Let’s see what are list elements are named using the
names()
argument.
# first see what the list elements are named
names(bobcat_data)
## NULL
hmmmm that’s not ideal, our list elements don’t have names. We can
fix this by adding a function outside the
Purrrr::map()
to rename each object in the list.
# assign object name to environment and provide file path for the data
bobcat_data <- file.path('data/raw',
# provide the names of each data frame
c('bobcat_collection_data.csv',
'bobcat_necropsy_only_data.csv',
'bobcat_age_data.csv')) %>%
# use purrr::map to read in all data at once
purrr::map(
~read_csv(.x)) %>%
# assign names to list objects
purrr::set_names('collection',
'necropsy',
'age')
## Rows: 121 Columns: 7
## ── Column specification ────────────────────────────────────────────────────────
## Delimiter: ","
## chr (4): Bobcat_ID#, County, Township, CollectionDate
## dbl (3): Month, Coordinates_N, Coordinates_W
##
## ℹ Use `spec()` to retrieve the full column specification for this data.
## ℹ Specify the column types or set `show_col_types = FALSE` to quiet this message.
## Rows: 121 Columns: 14
## ── Column specification ────────────────────────────────────────────────────────
## Delimiter: ","
## chr (13): Bobcat_ID#, NecropsyDate, Dissector, ApproxAge, Sex, Fecundity_Fem...
## dbl (1): Necropsy
##
## ℹ Use `spec()` to retrieve the full column specification for this data.

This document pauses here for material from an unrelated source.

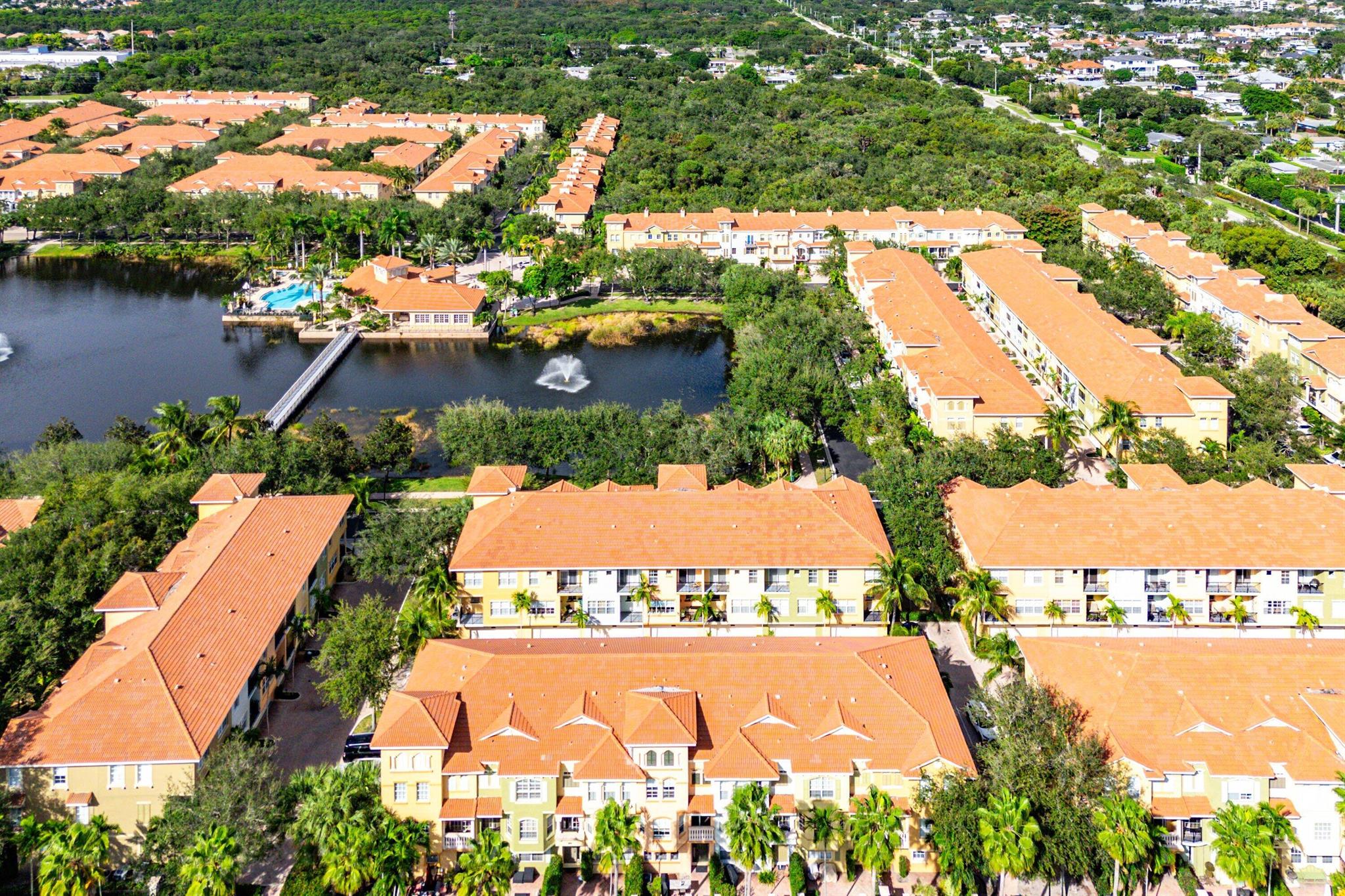 HARBOUR OAKS - Residential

## ℹ Specify the column types or set `show_col_types = FALSE` to quiet this message.
## Rows: 121 Columns: 2
## ── Column specification ────────────────────────────────────────────────────────
## Delimiter: ","
## chr (2): Bobcat_ID#, Age
##
## ℹ Use `spec()` to retrieve the full column specification for this data.

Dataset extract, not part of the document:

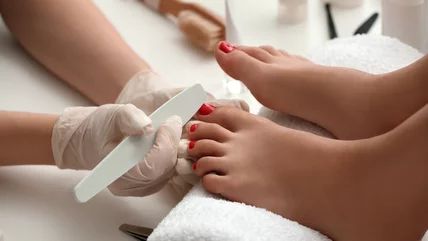 Things You Should Never Do While Getting A Pedicure Pedicure Pictures, Fish Pedicure, Summer Pedicure, Gel Pedicure, Pedicure Supplies, Pedicure At Home, Nail Care Routine, Pedicure Nails, Manicure And Pedicure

## ℹ Specify the column types or set `show_col_types = FALSE` to quiet this message.
str(bobcat_data)
## List of 3
## $ collection: spc_tbl_ [121 × 7] (S3: spec_tbl_df/tbl_df/tbl/data.frame)
## ..$ Bobcat_ID# : chr [1:121] "5/18/01" "5/18/02" "58-18-03" "64-19-04" ...
## ..$ County : chr [1:121] "Athens" "Athens" "Morgan" "Perry" ...
## ..$ Township : chr [1:121] "Dover" "Canaan" "Hower" "Reading" ...
## ..$ CollectionDate: chr [1:121] "12/30/18" "12/14/18" "12/7/18" "2/10/19" ...
## ..$ Month : num [1:121] 12 12 12 2 1 3 2 2 2 3 ...
## ..$ Coordinates_N : num [1:121] 39.4 39.3 39.5 39.8 40.4 ...
## ..$ Coordinates_W : num [1:121] -82.1 -82 -82 -82.3 -81.2 ...
## ..- attr(*, "spec")=
## .. .. cols(
## .. .. `Bobcat_ID#` = col_character(),
## .. .. County = col_character(),
## .. .. Township = col_character(),
## .. .. CollectionDate = col_character(),
## .. .. Month = col_double(),
## .. .. Coordinates_N = col_double(),
## .. .. Coordinates_W = col_double()
## .. .. )
## ..- attr(*, "problems")=<externalptr>
## $ necropsy : spc_tbl_ [121 × 14] (S3: spec_tbl_df/tbl_df/tbl/data.frame)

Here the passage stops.